9 of 9 people found the following review helpful
on February 3, 2007
Last night while attending to various household tasks I thought it would be fun to watch a video someone gave me of the 1930 German film Der Blaue Engel, starring Marlene Dietrich. I had not seen it since college days but remembered how hauntingly Marlene sings "Falling in love again" in German. I was struck more than ever of the profound tragedy of what is essentially a morality play set in the decadent Weimar Republic of the 1920's. Marlene plays "Lola Lola," a nightclub entertainer with a sordid past, who seduces a naive professor, a pillar of morality and respectability in his village. Professor Rath's fleeting fall from grace leads to the loss of respect of his students, and he carries his destruction further when he decides to marry Lola. In conquering the professor, Lola loses him, because the scholarly gentleman to whom she had felt drawn almost immediately disappears into buffoonery. The scene in which the professor is made to perform as a clown in front of his former pupils and colleagues, while Lola entertains her new lover in the next room, is one of the most tragic ever captured on celluloid. It shows the destruction sudden passion wreaks upon an essentially innocent person who in spite of an upright past is not forgiven, by the world, for a single fatal transgression. Marlene, as usual, incarnates both sensuality and extreme callousness; how typical the Lola Lola character has become in our society, for what once only haunted cheap cabarets is now everywhere.

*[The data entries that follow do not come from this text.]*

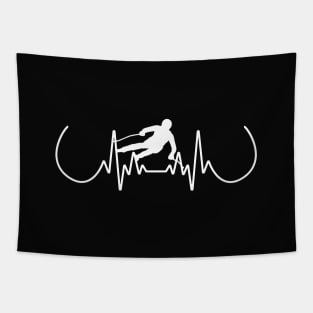 Skiing Heartbeat Tapestry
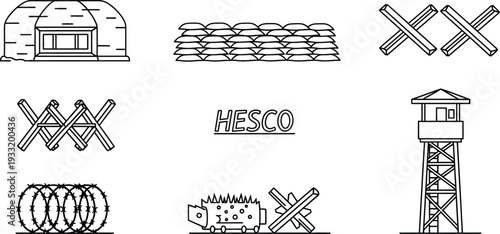 Set of military defense barriers and fortifications outline vector icons for security and war concepts isolated on white background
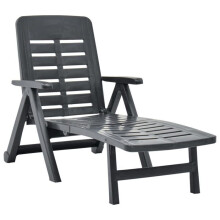 Transat chaise longue bañador de sol cama de jardín terraza mueble de exterior plegable plástico antracita 02_0012879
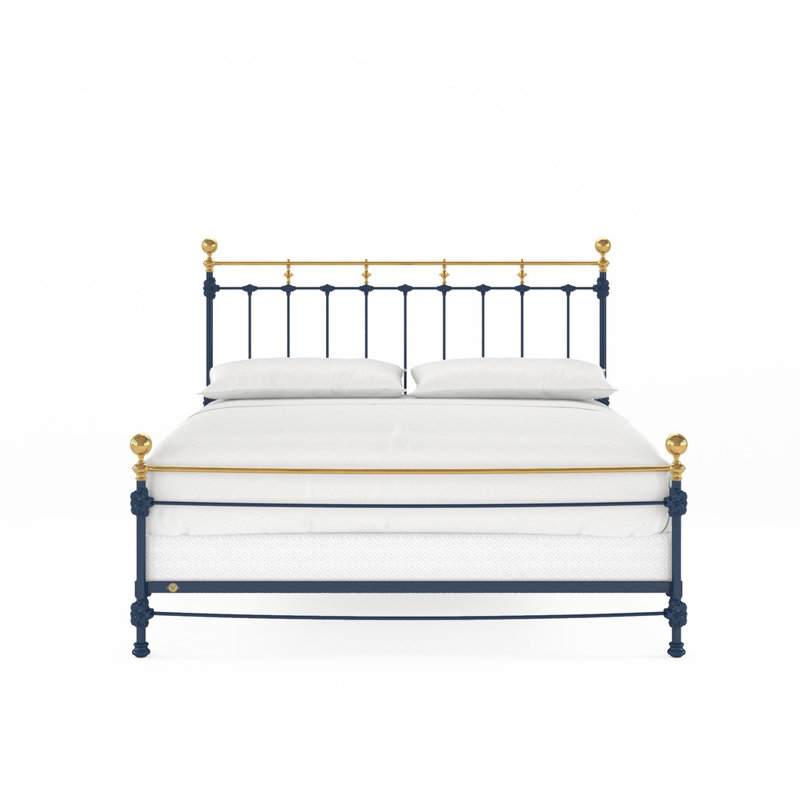 Lit en fer et laiton Excelsior, Très grand californien, Navy Blue/Antique Gold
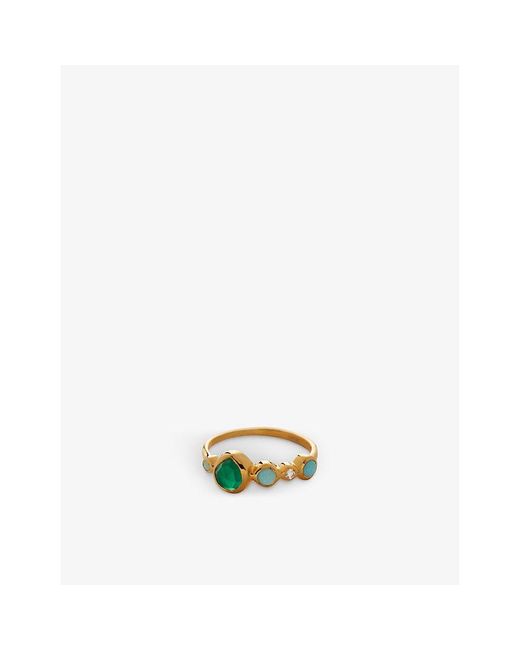 Monica Vinader White Mv Siren Bezel Multi Gemstone 18Ct-Plated Sterling, Rock Crystal, Chrysoprase, Onyx And Amazonite Ring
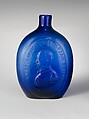 Flask, Dyottville Glass Works (1833–1923), Free-blown molded blue glass, American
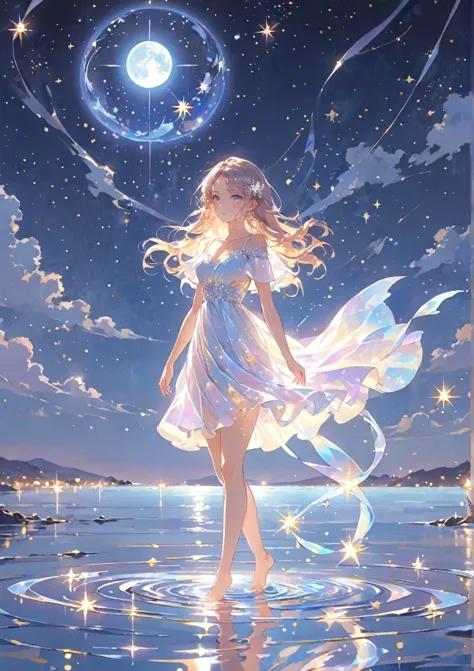 a girl standing alone under the starry night sky, with her silhouette illuminated by the soft moonlight and twinkling stars. her...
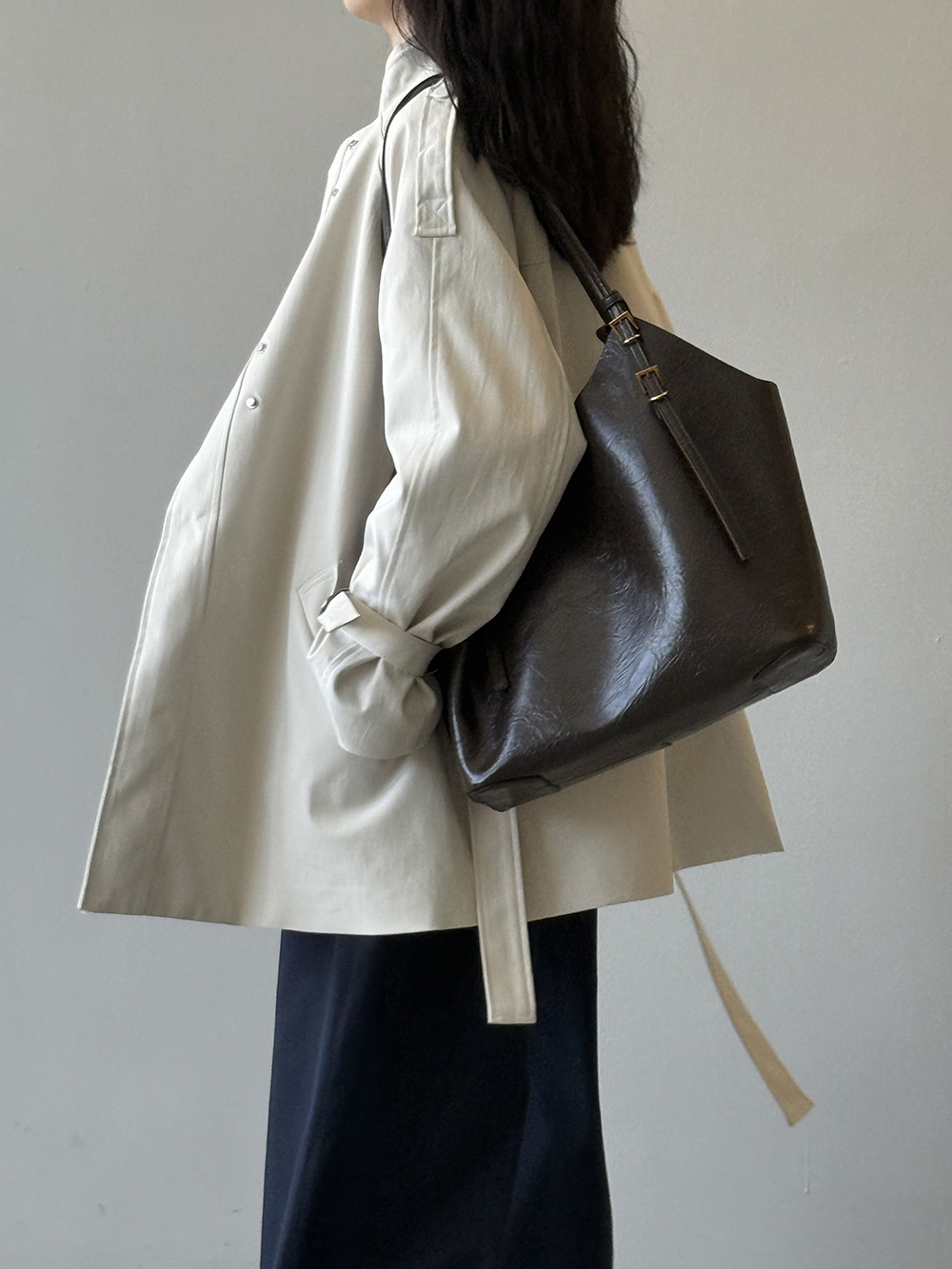 Yan Shuang British-style stand-up collar trench coat for women, autumn loose, casual, lace-up, waist-cinching short style 82585 pic 26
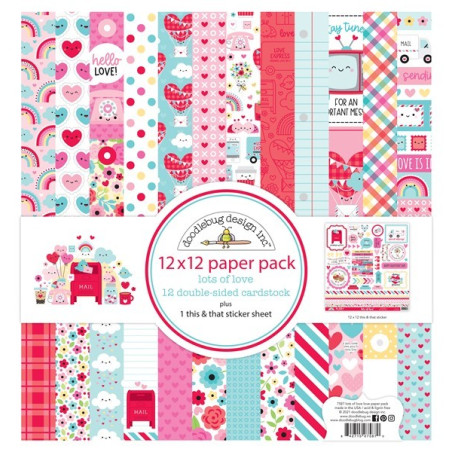 Doodlebug Design Lots Of Love Paper Pack 30x30cm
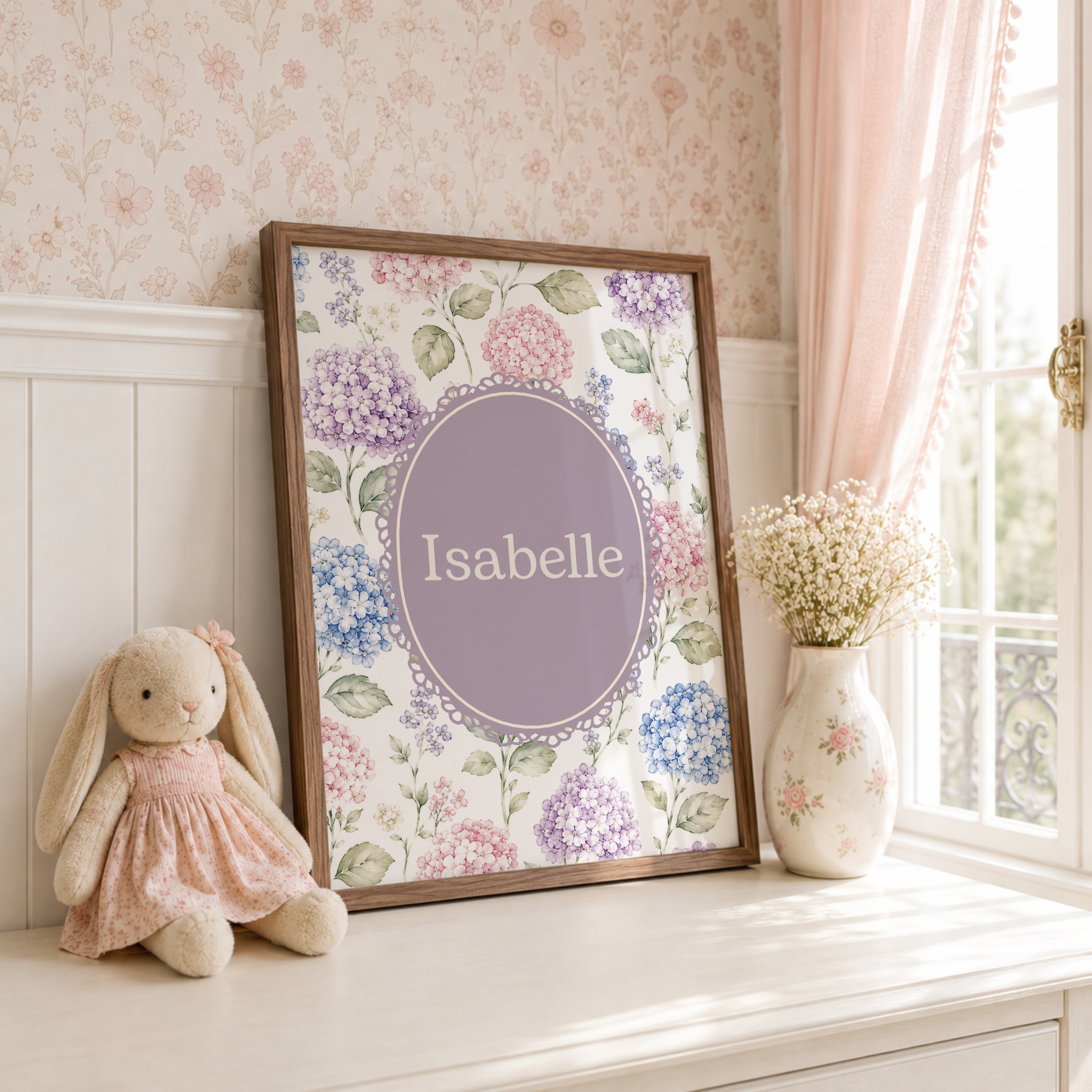 Personalised Girl Nursery Print, Floral Nursery Decor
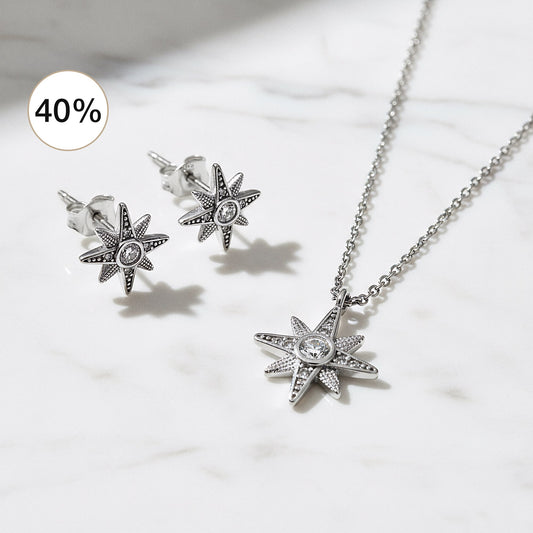 2er Schmuckset 925er Silber Halskette Ohrstecker Newstar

7 of 8 people found the following review helpful
on December 12, 2013
I already reviewed Kino's single disc Blu-ray of THE BLUE ANGEL which only includes the original German language version, so I'll avoid delving into details about it on this Ultimate Edition. Suffice to say that it is identical to the earlier release.
What's special about the Ultimate Edition is that it offers - for the first time on Blu-ray - the rarely seen English version on a second disc. It has the actors speaking their lines phonetically, although portions of dialog not crucial to the narrative are left in German. The English version utilizes a few different camera angles and is also about three minutes shorter, but not because of any missing scenes; the translation of the dialog was streamlined to make it easier on the actors. This was especially true about Emil Jannings who hardly knew any English at all, whereas his co-star Marlene Dietrich knew enough to get by. In fact, Dietrich was the most versed in English than anyone else in the cast.
Having ordered my copy directly from Kino, I was able to receive it before the street date of December 17th. Since THE BLUE ANGEL is high on my list of favorite films, I didn't hesitate in ordering the Ultimate Edition, even if it meant doubling up on the German version. It's worth it because the quality of the English version is gorgeous; I would even say it's better than the German in sharpness and brightness, with very pleasing grain configuration. It also has less wear and the soundtrack is a bit more crisp. As much as I love Dietrich's original rendition of "Falling in Love Again", I think her English version of the song projects an even more haunting quality.
The fine assortment of extras include a scene comparison between the two versions, Dietrich's screen test, a clip from a 1971 Dietrich interview, footage from three of her concert performances, two trailers - one from the '30's and one from the '60's, and a photo gallery.
For me, the HD transfer of the English version justifies the double dip, and I must highly recommend this fine release to everyone else who loves THE BLUE ANGEL.
4 of 4 people found the following review helpful
on February 25, 2014
The iconic opening theme is missing for a few seconds as the opening titles roll. This was not the case in the previous DVD release. I can't believe Kino would let this out the door without correcting it! Quality control, please?
on March 12, 2015
The film has been cleaned up quite a bit, but still suffers from thousands of micro scratches on each frame, giving it the appearance of "noise" and reducing the contrast levels. Understandably, it is next to impossible for a human to clean up these sorts of films, but eventually computers will be able to predict what the film looked like originally, remove the scratches and totally restore the film. But it's not going to happen anytime soon.